Prototype Review of Azure SQL Data Warehouse
Data Warehouse Consultants is constantly investing in our staff to learn new technologies and offerings. The summary below was published by our analyst Mukesh Thangadurai regarding the use of the Azure SQL Data Warehouse, which is Microsoft’s current cloud offering focusing on the data warehousing space. For more information on this prototype or similar work we can do for your company, please use our Contact Form.
Environment
- Microsoft Azure SQL Data Warehouse
- Microsoft SQL server 2016
- Microsoft SQL Server Integration Services
Performance / Costs
- DWU 100 – costs 1.51 USD/Hour (Minimum)
- DWU 400 – costs 6.05 USD/Hour (Default)
Implementation 1: Transportation Data
- Data Set details
- 20 Dimension Tables
- 8 Fact Tables (200+ million records)
- The flat files for this implementation were obtained by connecting to a source SQL Server database and converting tabular data to flat files.
- These flat files are then loaded to the Azure blob using SSIS.
- Polybase scripts were written, which converts these flat files into relational tabular format.
- TSQL procedures were then written to complete the ETL part and converting this data into a format as required by the target tables
- These TSQL procedures can also be triggered using SSIS.
- We were also able to test scenarios for incremental loading, where there are specific cases of new files coming in and old files being archived out.
- The entire process including the above step was completed using SSIS.
Implementation 2: Consumer Data
- Data Set details
- 8 Dimension Tables
- 1 Fact Table (168 million records)
- The flat files for dimension and fact data are already in a structured, delimited format.
- Since no data cleansing or transformation was required, dimension data was uploaded straight to the data warehouse, using the function AzureDWUploadTask in SSIS.
- This function auto-creates a temporary external table and deletes them the actual tables are loaded.
- The data in fact table was uploaded in phases using regular data upload.
- To upload 168 million records, the time taken was 45 minutes and the procedure to move all the data to the fact table using the procedure took another 35 minutes.
- The entire data upload was taken care using SSIS.
Observations
Detailed benchmark data captured with various queries tested on this system with both DWU100 and DWU400
- Query performance for intensive queries improved by at least 40% when scaled up from DWU100 to DWU400.
- Scaling was effective and took less than 10 minutes to scale up or down.
- Azure SQL DWH has some limitations in DDL and doesn’t support primary keys.
- The compatibility with SSIS is very tight and the entire process can be orchestrated using SSIS.
- Though there are some limitations like lack of primary keys, unavailability of certain functions such as @@rowcount.
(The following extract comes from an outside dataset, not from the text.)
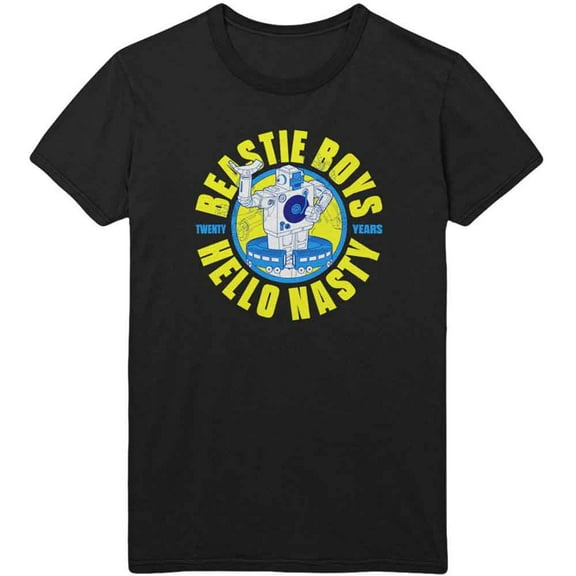 The Beastie Boys Unisex T-Shirt Nasty 20 Years (Medium)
A separate limitations document has been created to capture these. This still seems like a strong solution which is an upgrade to the conventional databases but not quite as complicated/drifting away from traditional databases.
- The data warehouse provides an option to pause the system when not in use, drastically minimizing operations costs.
- Azure SQL DWH enjoys great compatibility with SSIS and the entire implementation above was completed using SSIS.
- Polybase does not support DML and has dependency with PDW external table. It also doesn’t skip header rows.
- In External Tables default values and constraints are not allowed
- In Regular tables default values in column definitions are limited to literals and constants only.
- Non deterministic expressions or functions like GETDATE() and CURRENT_TIMESTAMP are not supported
- There is significant caching, and re-running the queries back-to-back shows improved performance.
- The following T-SQL operations are limited or not supported. This can require substantial TSQL code changes including Temp Tables or CTAS statements.
- ANSI JOINS on UPDATEs
- ANSI JOINs on DELETEs
- ANSI JOINs on DELETEs
- ANSI JOINs on DELETEs
- WITH clauses / Common table expressions followed by INSERT, UPDATE, DELETE or MERGE
- Identity / sequence fields on tables are not supported in REPLICATED tables
Recommendations
Azure SQL DWH was a perfect solution for the above requirement and scaling helped maintaining the expenses by setting it at DWU100 for data upload and when querying dimensions and to scale up to DWU400 when running large queries. This would be a perfect solution for organizations who want to test moving to cloud and still have a backup option for recovery scenarios.